During my second trip to Cuba this summer, I intended
to gather new interviews, and I went prepared with questionnaires
and consent forms. When I arrived, however, I found that
I could meet my objectives better by meeting again with
Cubans I had interviewed during my first stay.
The objective
of the research was to understand how Cubans are adapting
to the economic pressure their country has suffered
since the collapse of the Soviet bloc, and the economic
opening
that followed. This could be accomplished more easily
by using the contacts I had made during my first visit
in April. In August, I came back not as a stranger
from an American university, but as someone that was
already
familiar to the interviewees. I was able to trace the
changes in their lives during the semester, and to
gain deeper insight into how they are dealing with their
country's
fluctuating economy.

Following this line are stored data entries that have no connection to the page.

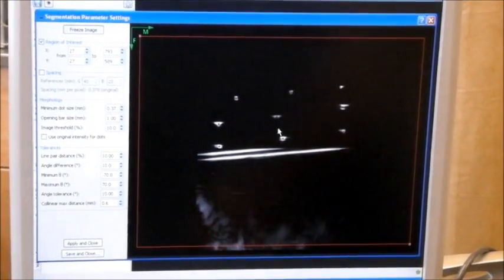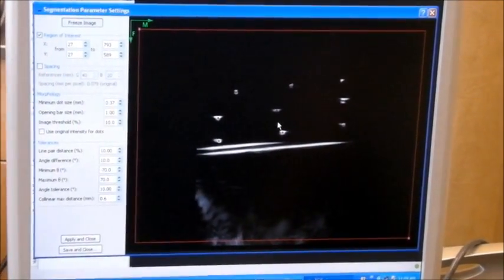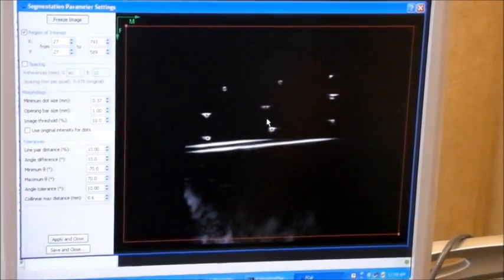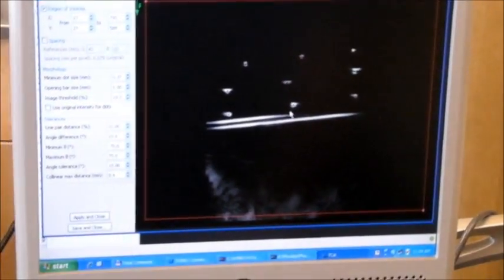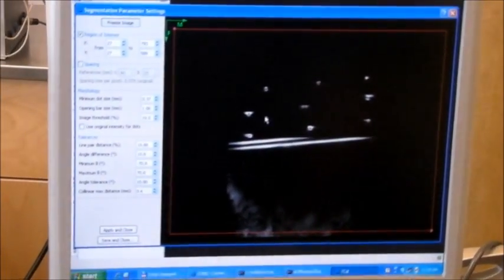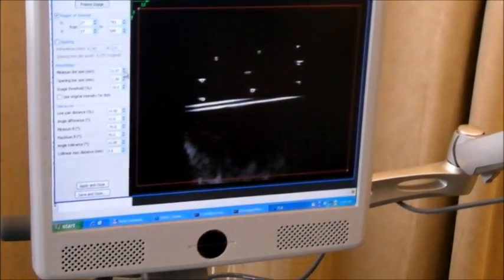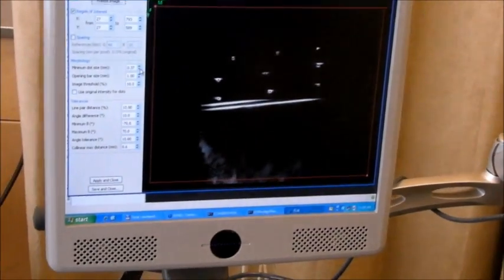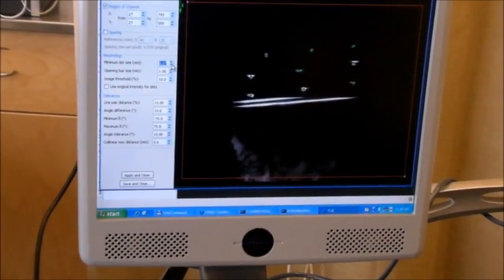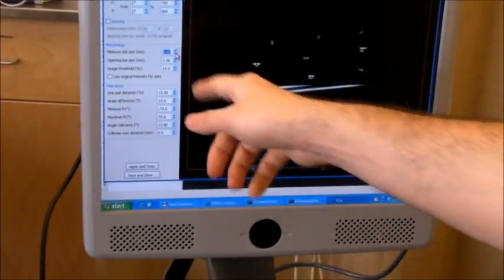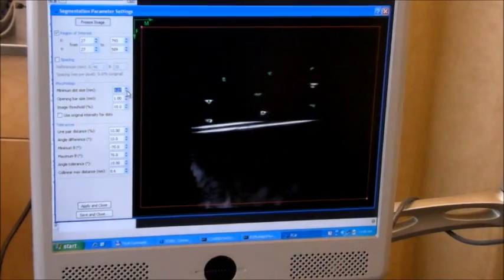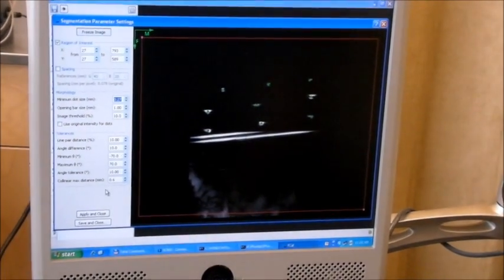If you see red dots, it means that the segmentation algorithm could find the candidates, but not the pattern. So, it's better if I decrease this minimum dot size, and you can see that it's already segmented.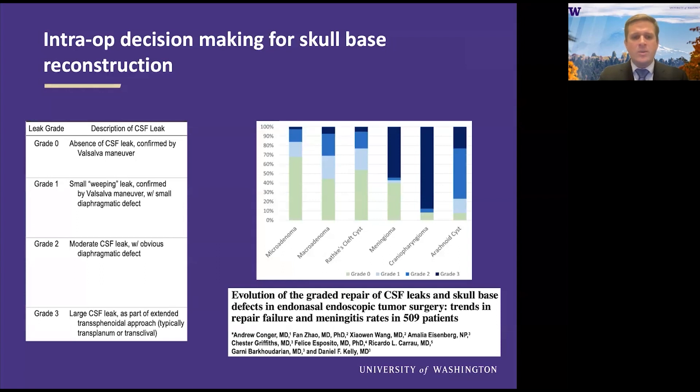Grade one was a small leak. Grade two was moderate, and grade three is a large CSF leak.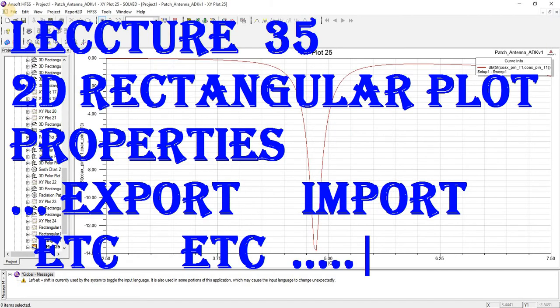Now we will see the 2D rectangular plot properties: how we can export a graph, how we can import it, how we can compare different graphs and multiple graphs. We will see how to assign values to a graph and we will see all possible properties of a graph.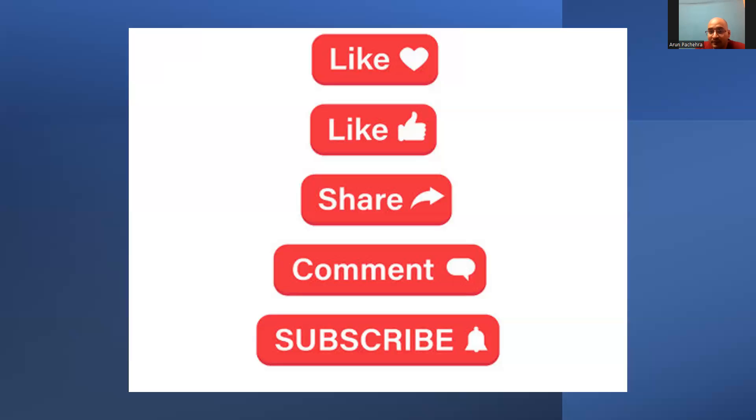With this, I'm going to end this video and let's meet in another video and try to secure one more element with the zero trust. Till then, take care.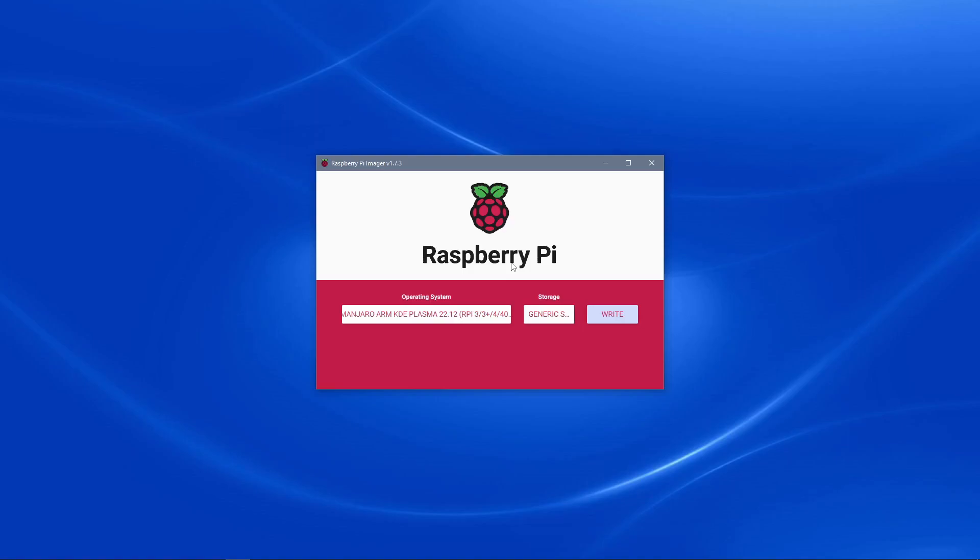I hope that this video helped you install Manjaro ARM Linux onto your Raspberry Pi computer. Make sure that you like the video and subscribe, as it helps more people find awesome content like this. My name is Lutetium Tech, thanks for watching.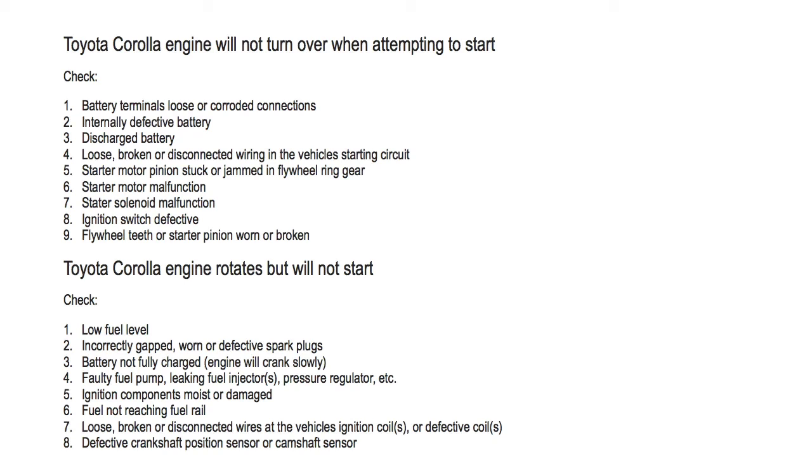Number seven, loose, broken or disconnected wires at the vehicle's ignition coil or defective coil. Number eight, defective crankshaft position sensor or camshaft sensor.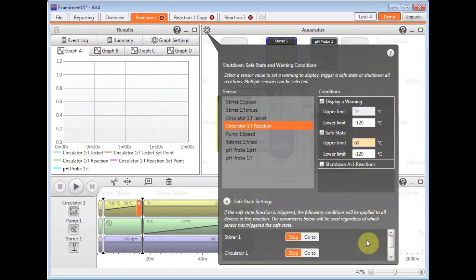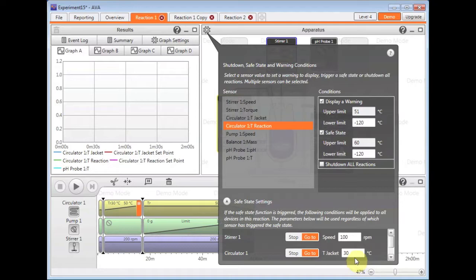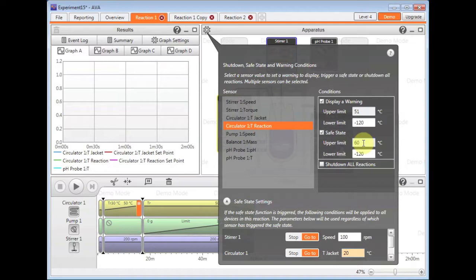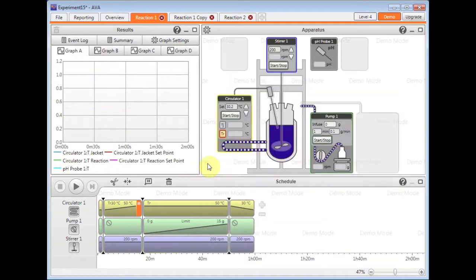But for the circulator to actually crash cool down to 20 degrees and obviously for our pump additions to stop. So what will happen is if the reaction were to go above 60 degrees is that the safe state will be triggered and all these values will be set to their set safe values. Again, another very useful safety feature of the AVA software.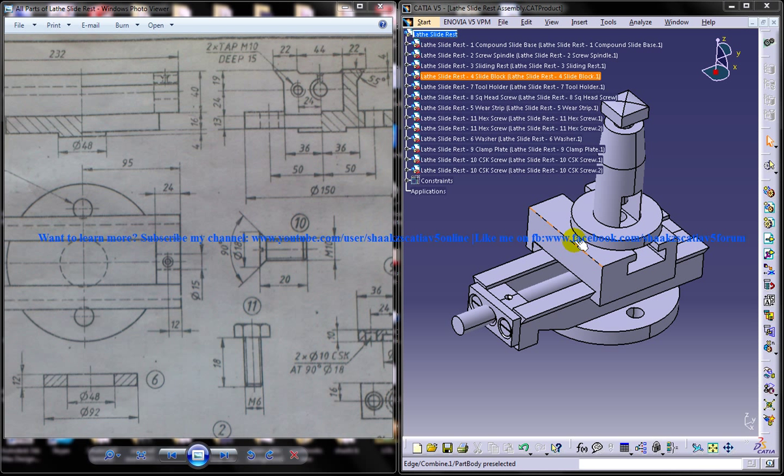Hi friends, this is Mohammed Shakeel here and in this tutorial I am going to show you how you can design a lathe slide rest in CATIA V5.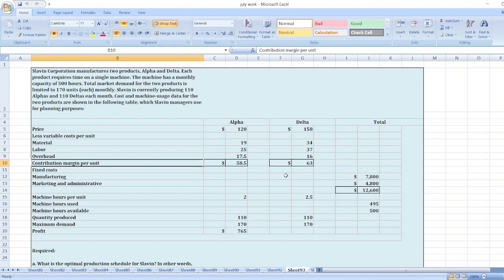Here is the data: price, less variable cost per unit, material, labor, overhead, contribution margin per unit, fixed cost, manufacturing, marketing and administrative, machine hours per unit, machine hours used.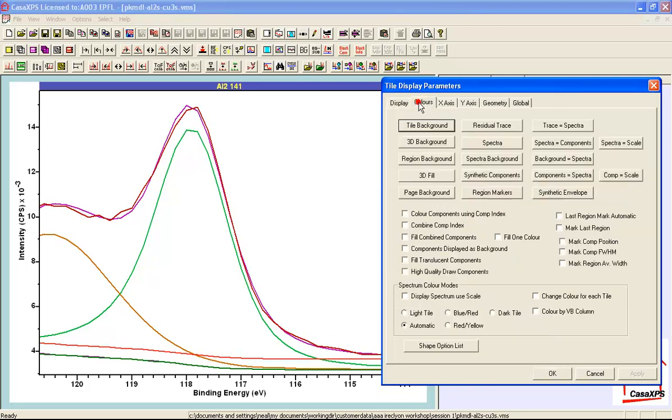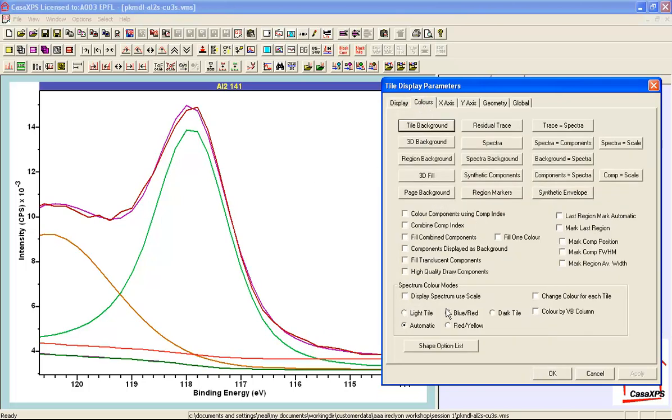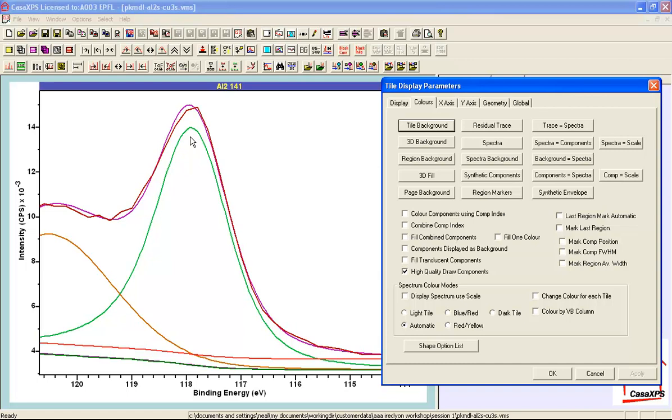We can do this using the colors property page and there's a tick box that says high quality draw components. So when we tick this and press apply we now see the components are drawn with a smaller step size in energy and therefore we see a smoother curve.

For example, I was able to talk
to the family of a writer I had interviewed during
my first stay, and who had since defected to the United
States.
The family
now receives remittances from the United States, and
they were willing to talk to me about the changes they've
seen in their lives as a result.
The article
that resulted from these two visits explores Cuba's reliance
on money sent from abroad, and looks at how business
partnerships between Cuban state-owned enterprises and
foreign companies affect Cubans. The article also examines
other ways in which Cubans access dollars: through underground
businesses, through work in the tourism industry, and
through legal, government-licensed businesses that have
only recently been allowed to flourish on the island.
The advent of the dollar and private enterprise means
that the worker's paradise now has winners and losers.
Staying close to the party line and putting in a few
hours in a state-owned company for a peso salary no longer
guarantee a good living.
 |
This is a new
game, and the one with the most dollars wins, whether
the money comes from hard work or from relatives abroad.
In the interviews conducted during my two visits to Cuba,
and in the article that was written as a result, I intended
to give a picture of the daily struggles of Cubans to
make ends meet in the island's new, dollarized economy.This
article, along with others written by graduate students
in the school of Journalism, will be published as a book,
and will be my Master's thesis. The Tinker grant allowed
me to return to the people I had interviewed earlier
this year, and made the completion of my research possible.